The plan would not punish the Serbs for Saturday's attack. Although they are widely believed to be responsible, the United Nations has been unable to produce proof.

The proposals also call for Serbian and Muslim forces to put their arms in and around Sarajevo under U.N. control. If Muslims refuse, the whole effort could come apart, although U.S. officials consider refusal unlikely.

Mr. Clinton spoke by telephone yesterday with a major holdout among the allies, Prime Minister Jean Chretien of Canada, which has 2,000 peacekeeping troops in Bosnia. Mr. Chretien fears that air attacks would draw retaliation on the ground.
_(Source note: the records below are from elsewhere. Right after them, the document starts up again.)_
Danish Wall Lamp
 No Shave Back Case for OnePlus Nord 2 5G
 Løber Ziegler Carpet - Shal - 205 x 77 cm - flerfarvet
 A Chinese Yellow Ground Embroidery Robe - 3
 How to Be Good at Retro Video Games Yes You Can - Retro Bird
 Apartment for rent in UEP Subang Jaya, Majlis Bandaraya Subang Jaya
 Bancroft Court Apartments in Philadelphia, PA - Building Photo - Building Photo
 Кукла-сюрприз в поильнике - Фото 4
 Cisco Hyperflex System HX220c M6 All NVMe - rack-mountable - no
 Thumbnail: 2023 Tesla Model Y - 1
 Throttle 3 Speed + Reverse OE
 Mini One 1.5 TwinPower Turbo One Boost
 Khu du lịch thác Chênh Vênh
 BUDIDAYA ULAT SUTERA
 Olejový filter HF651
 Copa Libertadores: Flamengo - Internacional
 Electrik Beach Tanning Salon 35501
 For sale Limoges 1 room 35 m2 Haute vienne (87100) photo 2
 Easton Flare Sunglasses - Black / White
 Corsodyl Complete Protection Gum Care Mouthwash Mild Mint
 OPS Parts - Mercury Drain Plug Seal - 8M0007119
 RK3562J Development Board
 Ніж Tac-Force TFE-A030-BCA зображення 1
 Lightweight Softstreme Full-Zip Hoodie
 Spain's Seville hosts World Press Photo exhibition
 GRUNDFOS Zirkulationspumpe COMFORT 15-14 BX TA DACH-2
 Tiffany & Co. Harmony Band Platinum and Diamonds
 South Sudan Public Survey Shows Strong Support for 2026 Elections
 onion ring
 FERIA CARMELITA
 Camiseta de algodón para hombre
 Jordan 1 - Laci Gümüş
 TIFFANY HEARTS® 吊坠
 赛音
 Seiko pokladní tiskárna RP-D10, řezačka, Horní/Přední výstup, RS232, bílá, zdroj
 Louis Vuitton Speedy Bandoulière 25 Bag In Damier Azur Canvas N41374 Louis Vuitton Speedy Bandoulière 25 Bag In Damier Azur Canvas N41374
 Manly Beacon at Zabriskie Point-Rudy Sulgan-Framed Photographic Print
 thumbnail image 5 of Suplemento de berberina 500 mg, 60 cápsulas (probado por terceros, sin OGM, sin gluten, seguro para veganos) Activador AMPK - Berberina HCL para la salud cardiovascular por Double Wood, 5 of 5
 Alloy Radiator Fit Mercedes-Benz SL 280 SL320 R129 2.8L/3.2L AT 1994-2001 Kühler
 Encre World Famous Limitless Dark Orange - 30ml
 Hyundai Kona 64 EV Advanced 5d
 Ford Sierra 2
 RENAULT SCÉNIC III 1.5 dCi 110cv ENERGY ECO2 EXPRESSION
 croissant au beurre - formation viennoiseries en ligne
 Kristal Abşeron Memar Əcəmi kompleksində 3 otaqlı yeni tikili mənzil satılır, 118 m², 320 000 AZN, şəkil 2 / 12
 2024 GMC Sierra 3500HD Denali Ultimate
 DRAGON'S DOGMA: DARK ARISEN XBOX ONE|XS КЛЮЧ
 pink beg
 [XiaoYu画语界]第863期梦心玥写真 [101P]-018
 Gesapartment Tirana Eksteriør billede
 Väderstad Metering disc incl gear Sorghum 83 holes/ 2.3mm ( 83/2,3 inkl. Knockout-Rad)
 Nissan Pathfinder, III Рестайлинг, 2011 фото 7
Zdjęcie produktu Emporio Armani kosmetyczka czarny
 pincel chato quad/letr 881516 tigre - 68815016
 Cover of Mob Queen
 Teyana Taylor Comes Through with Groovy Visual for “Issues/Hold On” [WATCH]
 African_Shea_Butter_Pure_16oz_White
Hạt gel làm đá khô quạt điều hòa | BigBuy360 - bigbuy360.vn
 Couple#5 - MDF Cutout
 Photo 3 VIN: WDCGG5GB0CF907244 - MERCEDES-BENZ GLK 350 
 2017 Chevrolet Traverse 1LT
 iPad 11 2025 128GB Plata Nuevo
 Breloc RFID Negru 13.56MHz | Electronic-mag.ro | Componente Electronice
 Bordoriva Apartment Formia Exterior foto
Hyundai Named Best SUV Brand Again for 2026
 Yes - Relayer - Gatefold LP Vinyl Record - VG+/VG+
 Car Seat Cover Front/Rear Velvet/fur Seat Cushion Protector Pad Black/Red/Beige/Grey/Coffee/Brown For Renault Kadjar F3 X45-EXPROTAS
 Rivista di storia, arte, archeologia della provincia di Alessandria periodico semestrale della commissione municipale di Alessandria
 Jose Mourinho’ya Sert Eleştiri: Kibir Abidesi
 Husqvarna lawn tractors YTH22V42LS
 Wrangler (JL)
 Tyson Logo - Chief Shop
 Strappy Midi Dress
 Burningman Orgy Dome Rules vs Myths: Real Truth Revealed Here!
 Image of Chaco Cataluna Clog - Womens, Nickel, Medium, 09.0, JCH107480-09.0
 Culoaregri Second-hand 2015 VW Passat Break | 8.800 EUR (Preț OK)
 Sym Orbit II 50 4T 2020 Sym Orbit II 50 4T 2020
"There are different levels of enthusiasm" among the allies, the senior U.S. official said.

Russia, which is not a member of the alliance and has longtime ties with Serbia, has voiced objections and could disrupt the effort. But one U.S. official said that Russia objects less to the U.S.-French proposal than to one of outright reprisals for past Serbian shelling.

France stepped up pressure on other NATO allies to approve the proposal yesterday, with Foreign Minister Alain Juppe warning that French peacekeepers could otherwise be withdrawn.

Members of Congress expressed bipartisan concern about U.S. intervention and who would be in charge of ordering any air strikes or other military operations.

Defense Secretary William J. Perry and Gen. John M. Shalikashvili, chairman of the Joint Chiefs of Staff, assured the Senate Armed Services Committee that the orders would be passed through U.S officers serving with NATO, and not through the U.N. Command.

"We have been consistent in our view that the U.S. military operations in Bosnia, or any other place we are talking about, will be under U.S. command, or NATO command," Mr. Perry said.

He said he hoped the North Atlantic Council, the political arm of NATO, would approve a U.S. plan for responding to the Bosnian conflict this week.

Nunn's concerns

Pressed by Chairman Sam Nunn, a Georgia Democrat, on whether U.N. Secretary General Boutros Boutros-Ghali could order U.S. air strikes, General Shalikashvili told the committee: "The U.N. can request. The U.N. can ask for coordination [with U.N. troops on the ground]. But the U.N. cannot order."

Any decision on launching air strikes would be taken by the North Atlantic Council. It would be relayed through two U.S. officers serving with NATO: Gen. George A. Joulwan, Supreme Allied Commander in Europe, and Adm. Jeremy M. Boorda, commander-in-chief of NATO's southern command.

Mr. Perry agreed with Sen. John McCain, an Arizona Republican, that Congress should be consulted before U.S. military involvement. Earlier this week, Mr. Perry said he took seriously "the limitations" of air strikes, against either artillery targets or targets "deliberately embedded" in civilian areas, an apparent reference to the mortars inside Sarajevo.

Senator McCain said the United States should stop making threats it was not prepared to carry out and should lift the arms embargo against the Muslims. He dismissed the reported U.S. proposal to give the Bosnian Serbs an ultimatum to remove their guns 12 miles from Sarajevo or face military action as "a bureaucratic solution," and said it was "a slippery slope" likely to lead to incremental U.S. involvement.

"If you embark on this policy, you had better be able to tell the American people what you do if it fails," he warned Mr. Perry and General Shalikashvili. Senator McCain reminded General Shalikashvili that the general had testified previously that air strikes alone were not generally effective. The general replied, "I don't walk away from the statement."